The world of networking tends to be bistable: we either centralize everything, or we decentralize everything. We started with mainframes, passed through Lotus 123 hidden in corners, then to mini’s and middleware, then to laptops, and now to the cloud, to be followed by fog. This particular cycle of centralization/decentralization, however, has produced a series of overlapping changes that are difficult to decipher. You can somehow hear someone arguing about disaggregation and hyperconvergence through the fog — but just barely. —CircleID

2 Comments

  1. alan.wijntje 26 July 2016 at 4:13 am

    Very interesting blog post and something to really think about..
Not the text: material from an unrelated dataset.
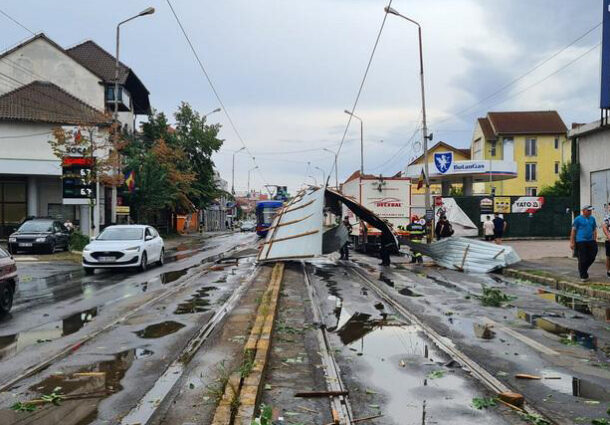 Apocalipsa de la Oradea: Copaci scosi din radacina, acoperisuri luate de vant si traficul aproape complet paralizat in urma unei furtuni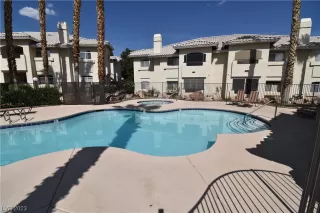 Photo #1: 2500762 Listing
    I did notice a lack of “Software Defined X”, was this intentional (still have to watch your roundtable on SDN)?

    regards,

    Alan

  2. Russ 26 July 2016 at 8:04 am

    I don’t tend to separate out “software defined x” as a “thing,” any more, but rather as one of a range of options in the design space… It’s become more of a marketing term, or perhaps a general idea, than an actual “product,” as so many products have been labeled “software defined…” For instance, I would expect hyperconverged solutions to use a lot of internal SD stuff to glue things together, while disaggregated solutions are bound to use SD stuff more for programmability and disaggregation (OpenFlow as a standard interface into all chipsets, for instance).

    Thanks for stopping by — and, as always, an insightful comment!